== Segment start ==
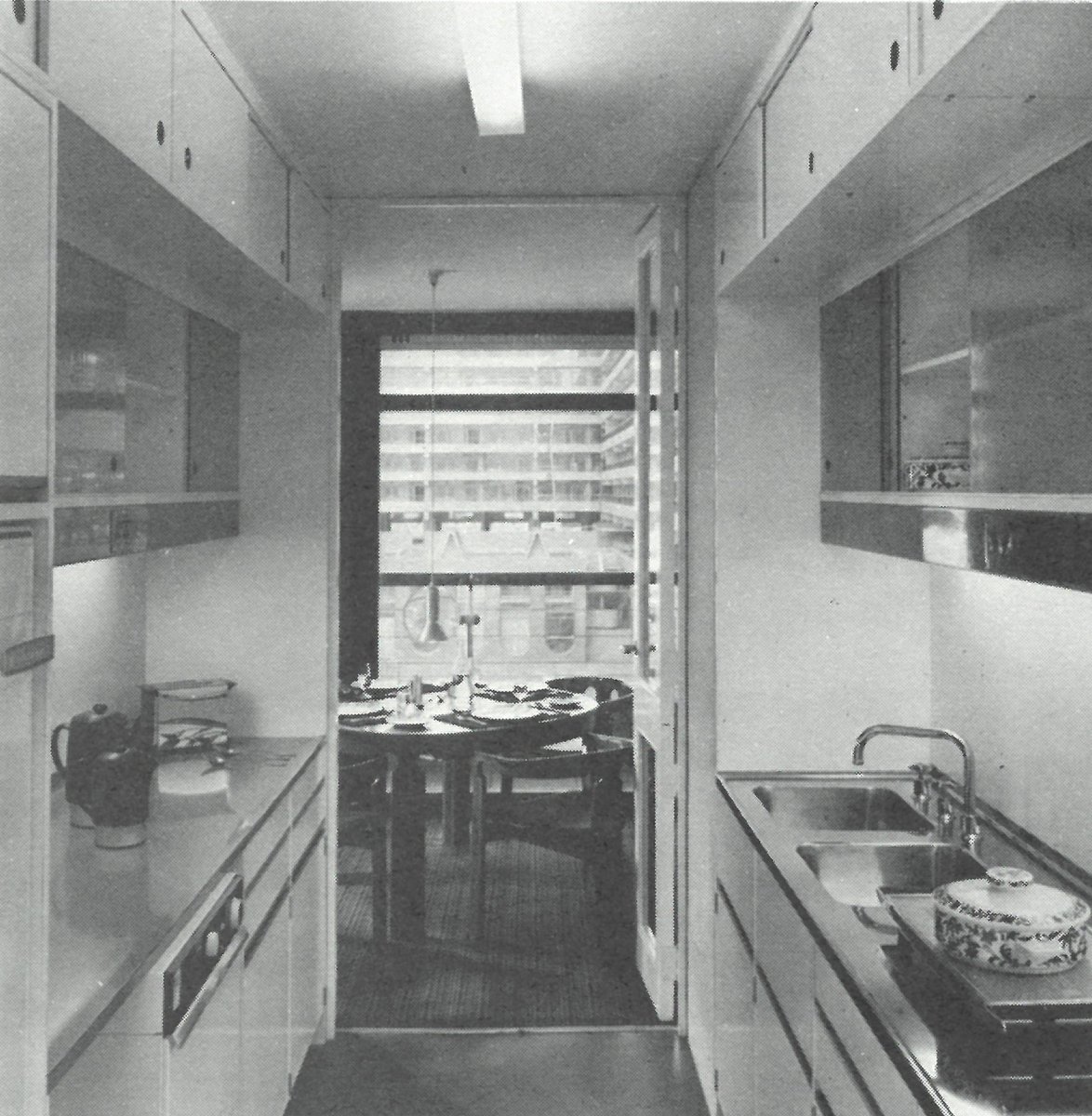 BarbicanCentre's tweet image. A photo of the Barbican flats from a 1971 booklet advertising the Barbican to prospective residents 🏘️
== Segment end ==
== Segment start ==
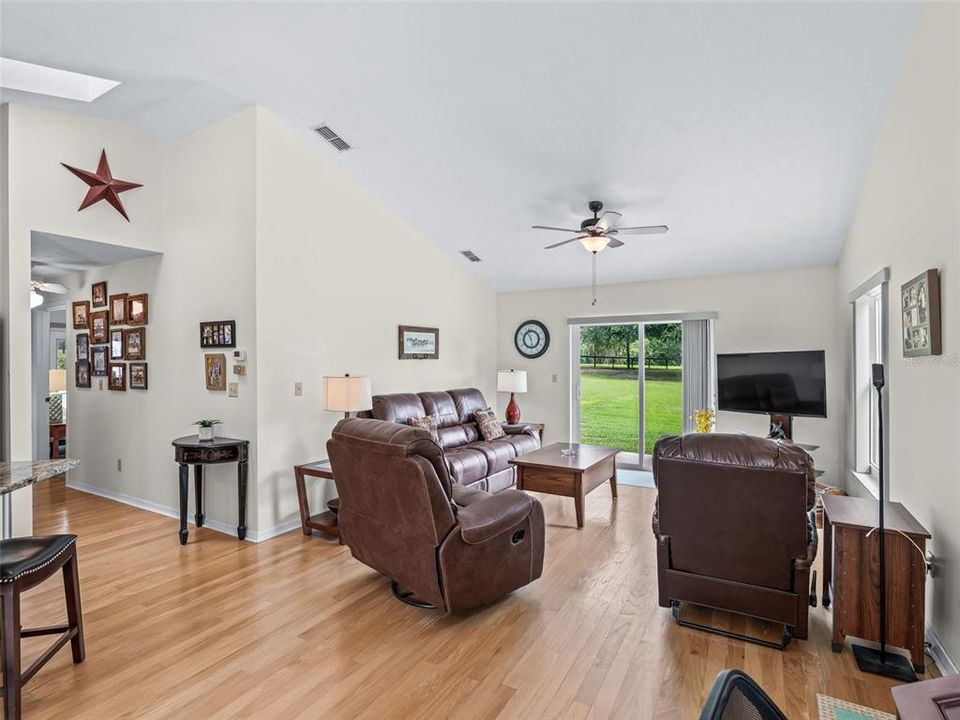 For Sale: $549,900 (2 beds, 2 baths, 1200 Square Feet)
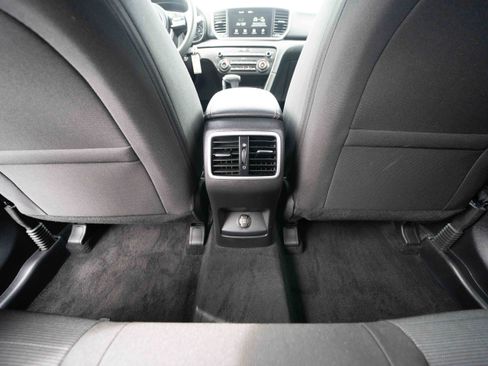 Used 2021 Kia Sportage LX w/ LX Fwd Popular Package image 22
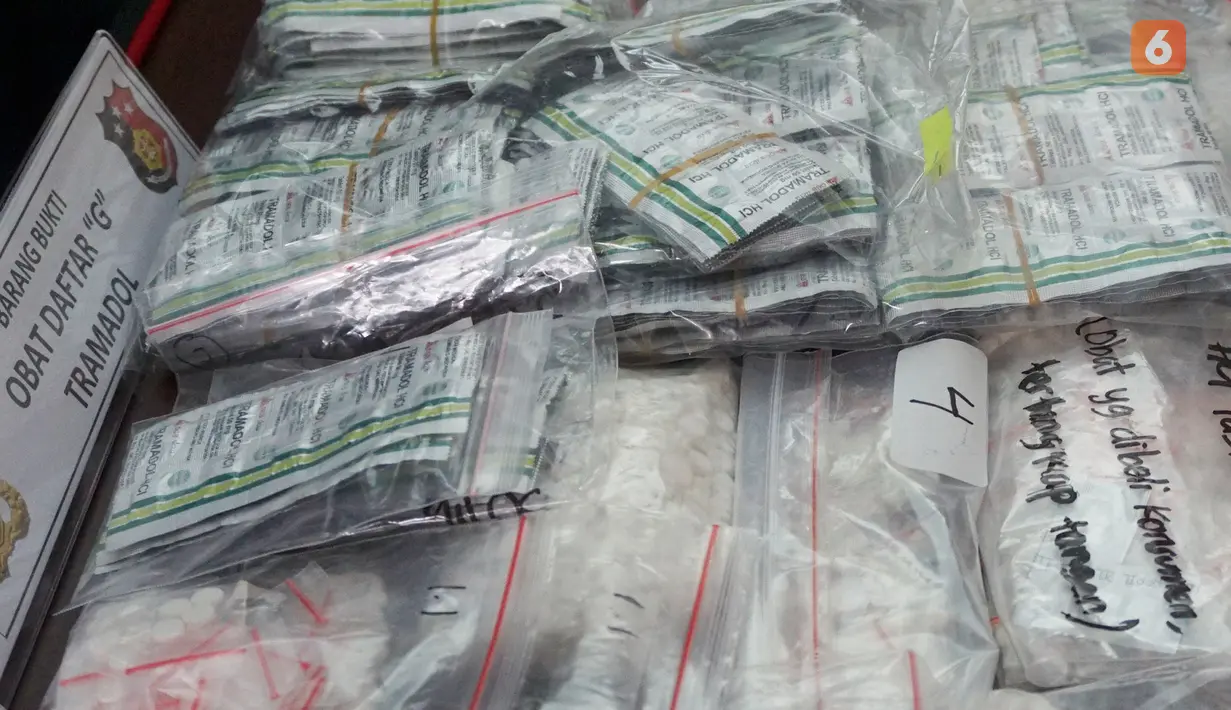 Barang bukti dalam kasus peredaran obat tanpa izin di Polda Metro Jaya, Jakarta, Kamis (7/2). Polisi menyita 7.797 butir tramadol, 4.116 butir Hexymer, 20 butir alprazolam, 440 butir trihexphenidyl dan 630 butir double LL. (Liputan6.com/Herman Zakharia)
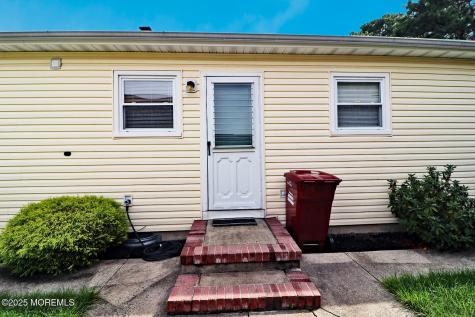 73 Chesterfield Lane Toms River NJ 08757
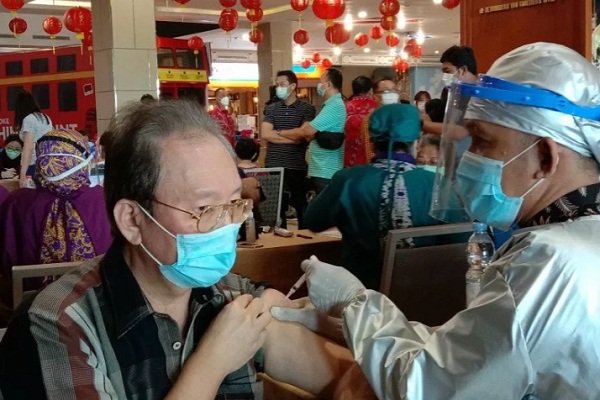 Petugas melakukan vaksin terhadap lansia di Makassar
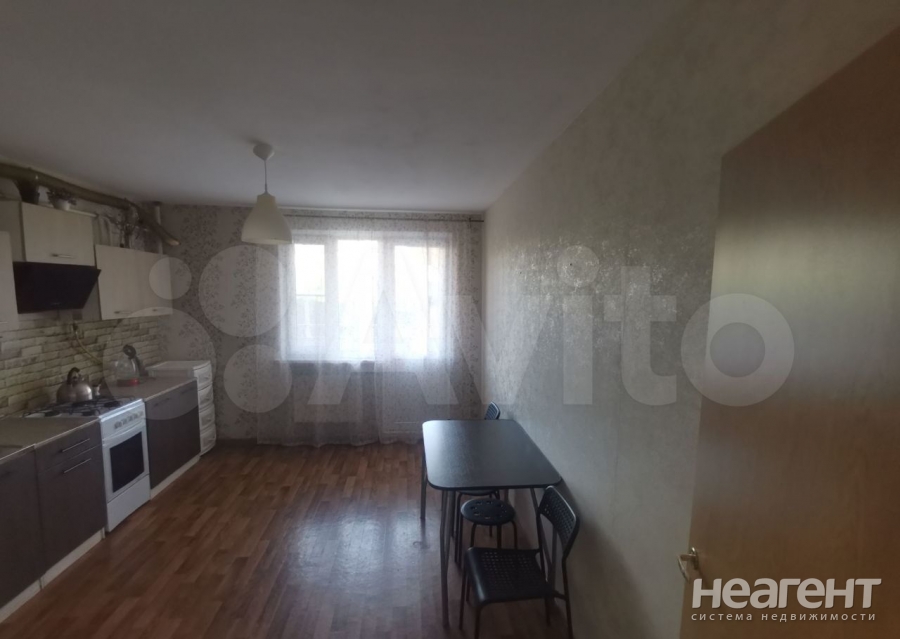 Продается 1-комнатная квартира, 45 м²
== Segment end ==
[Problem to solve]
Taking the entries above, copy word for word the lines from the one with "73 Chesterfield Lane Toms River NJ 08757" up to and including the one with "Продается 1-комнатная квартира, 45 м²", without any picture.

[Completed task]
 73 Chesterfield Lane Toms River NJ 08757
 Petugas melakukan vaksin terhadap lansia di Makassar
 Продается 1-комнатная квартира, 45 м²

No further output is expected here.